Fongel taps a finger on the metal fence. “Well, that’s good, cause I lost me fave spanner in there last week. Can you go ask her for me?” He laughs nervously. “She scares me.”
Finkel pushes himself up off the rock. “She scares me too numskull. And anyway, you’ve only got twenty-four hours to get the thing back from Limbo before it becomes part of it forever.”
“But I loved that spanner!”
Finkel looks round. “I got to go, Fongel.”
“Wait,” Fongel says. “Barty’s definitely himself?”
“Yeah. He remembers it all but it don’t seem to bother him. Said he remembers swimming, a gentle current behind him. Nice and pleasant it was. Said he met his Auntie Grunnywold and she told him to stop scratching his bum in public.”
“What was he doing when you seen him?”
“Scratching his bum in the staff canteen.
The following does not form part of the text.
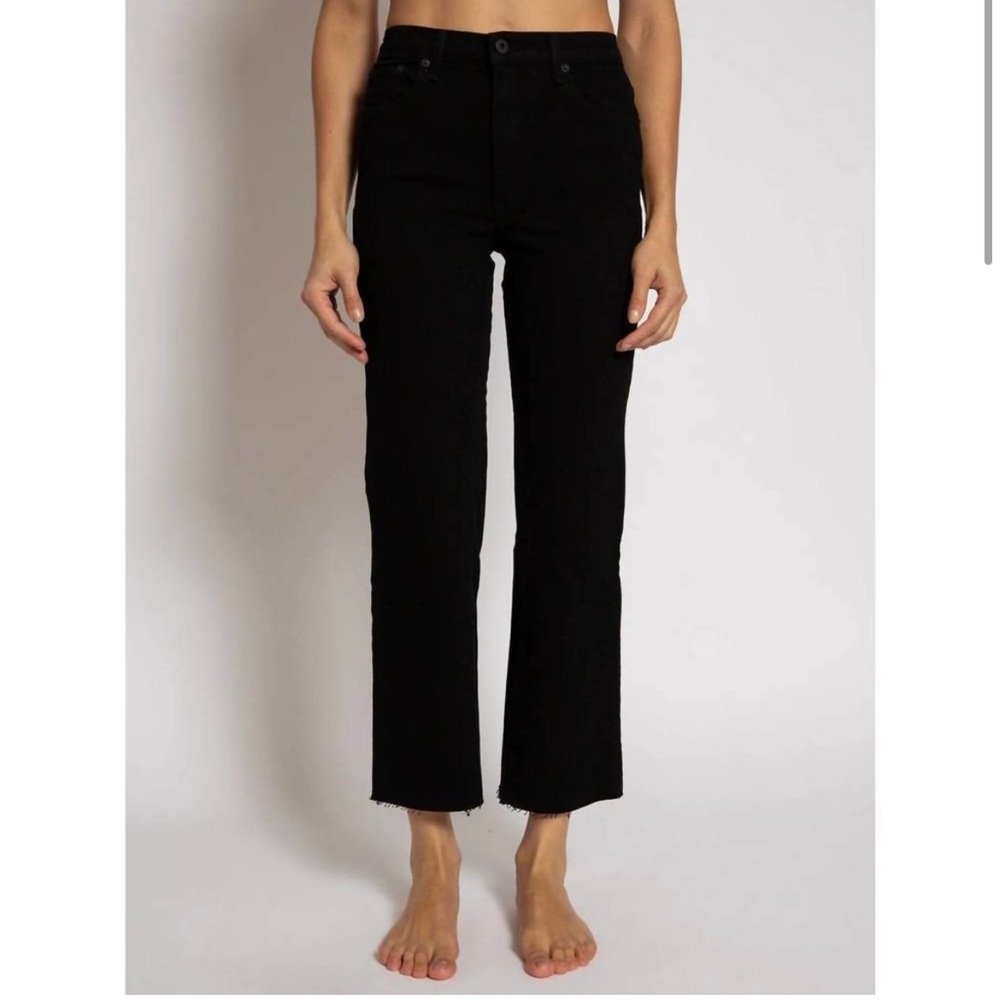 ASKK NY slim crop jeans in black resin Sz 31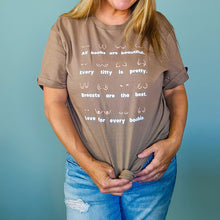 Load image into Gallery viewer, Body Positivity T-Shirt Coffee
He were stirring a pot with the other hand.”
“Spag Bol?”
“Looked like it.”
Fongel holds up the massive bit of metal fence he’s been working on like it weighs nothing at all. “Ain’t you even gonna help put this back? I’m gonna be late for me shift.”
Finkel wrinkles his nose. “Got an important errand. I’ll see you at the dinner table tonight. Barty’s gonna cook up a storm. He was all smiles once he found Denby got mangled in the Labyrinth of Doom.”
I swallow heavily.
Labyrinth of Doom?
It’s kind of ridiculous too. Like some computer game. Still scares the cack out of me though.
“Bully for Barty,” Fongel says turning away, the fence held high above his head.
Finkel raises an eyebrow then walks off in the other direction. “Don’t forget to shut the gate…again.”
Fongel mutters something I can’t quite hear, but it doesn’t sound happy.
I creep forwards to see where he’s gone. The entrance to the tunnel opens out onto a gigantic cave. The ceiling arches up high above me. Straight ahead is a wall with a huge door set into it, the handles shaped like axes. Somebody’s stuck a homemade sign in the dirt with a big red arrow on it pointing to the door. Underneath it says:
Labyrinth of Doom Administration
Knights sign in here
Then wait to be called
I’m not going in there to get mangled, that’s for sure. I scoot over to behind a large boulder and watch Fongel as he puts the fence back up, screws the gate to it then wanders through leaving it wide open.
“Forgot to shut it again,” I whisper, a smile creeping across my lips.
I look around to make sure Finkel’s gone before creeping up to the gate. There’s another sign:
Labyrinth of Doom Staff Entrance
No unauthorised admittance
Trespassers will be EATEN
Who knew that ogres like order and rules so much?
Fongel is about halfway down the corridor. I look from him to the Labyrinth’s official entrance. I’ll take my chances down the staff entrance.